While I completely see where you're coming from, and agree with adder, unfortunately the term/name MXP has already been coined, or assigned if you will, to methoxphenidine....so unless it was coined to a compound prior, like 3-MeO-2-OxO-PCP as you believe it should be, it's kinda somewhat stuck with methoxphenidine now.

I don't fully understand naming conventions or how we come up with half this shit, so if you don't mind could you please elaborate for me why MXP exclusively represents 3-MeO-2-OxO-PCP, when the compound doesn't even exist (so you say)? Legitimate question mate, I might actually learn something here.
 
Nomenclature of RCs is often misleading, inconsistent and confusing. Just accept it and move on, nothing you can do about it anyway.
 
I don't fully understand naming conventions or how we come up with half this shit, so if you don't mind could you please elaborate for me why MXP exclusively represents 3-MeO-2-OxO-PCP, when the compound doesn't even exist (so you say)? Legitimate question mate, I might actually learn something here.

Names are simply assigned by people. There are really no laws governing them, well, unless we're talking about registered pharmaceuticals or chemicals in general, that's different then. But in this case it's more of an agreement among people using these names, usually names are derived from full IUPAC or non-IUPAC names in some way. As MXP hadn't been earlier assigned to 3'-MeO-2-oxo-PCP by anyone, it was assigned by someone (I don't even know whether it was the original vendor or someone else) to methoxphenidine. As it caught on and is in use now, it doesn't make sense to reassign it to 3'-MeO-2-oxo-PCP because it will only generate unnecessary confusion. Certainly someone could have assigned it to 3'-MeO'-2-oxo first, but unless the compound had been described in a scientific paper, even in theory, or at least had already existed on the RC market, chances are it wouldn't have been noticed anyway.
 
Well, pharmaceutical drug names are often made up and not derived from the IUPAC either.

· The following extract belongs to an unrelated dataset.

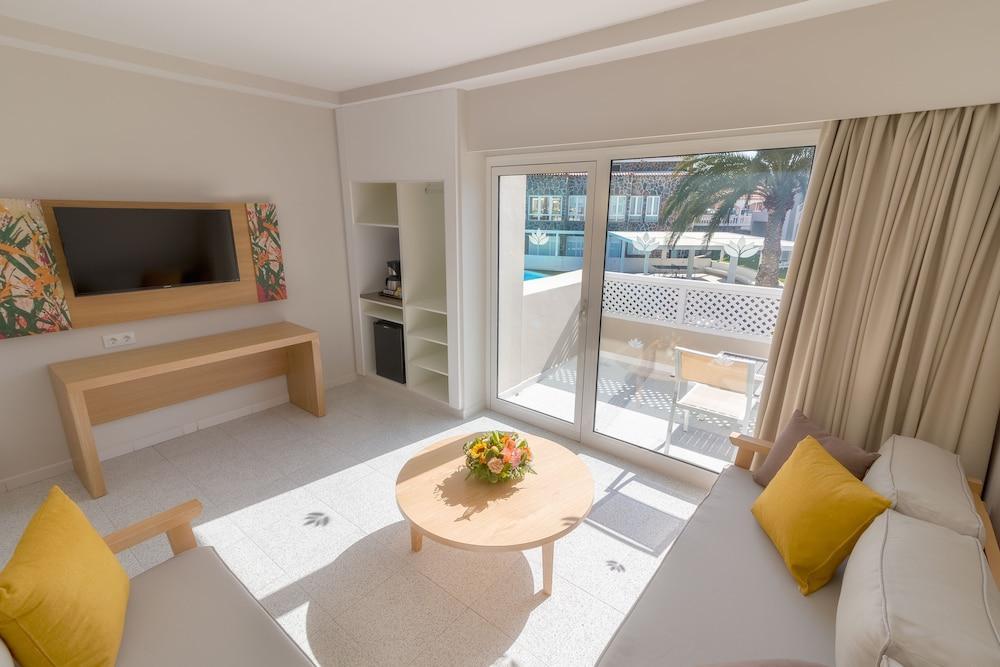 Apartamentos Livvo Koala Garden มาสปาโลมาส ภายนอก รูปภาพ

In the case of RCs, sometimes authoritive sources such as the EMCDDA propose different names than used by RC vendors, for example APP-CHMINACA for "PX-3" and so on. MXP however was obviously already more correctly known as 2-MeO-Diphenidine/Methoxphenidine so they didn't invent a new name for it.
 
Names are simply assigned by people. There are really no laws governing them, well, unless we're talking about registered pharmaceuticals or chemicals in general, that's different then. But in this case it's more of an agreement among people using these names, usually names are derived from full IUPAC or non-IUPAC names in some way. As MXP hadn't been earlier assigned to 3'-MeO-2-oxo-PCP by anyone, it was assigned by someone (I don't even know whether it was the original vendor or someone else) to methoxphenidine. As it caught on and is in use now, it doesn't make sense to reassign it to 3'-MeO-2-oxo-PCP because it will only generate unnecessary confusion. Certainly someone could have assigned it to 3'-MeO'-2-oxo first, but unless the compound had been described in a scientific paper, even in theory, or at least had already existed on the RC market, chances are it wouldn't have been noticed anyway.

Adding to this, it's also often the prerogative of the inventor or first massproducer/vendor to name new compounds - That's how MXP came to have it's name. And that name will stick, no one can change that, be it God, Nexus-tripper or other higher powers......

About 3-MeO-2-Oxo-PCPy, I think this could be a really decent arylcyclohexylamine imo. I guess we will see though.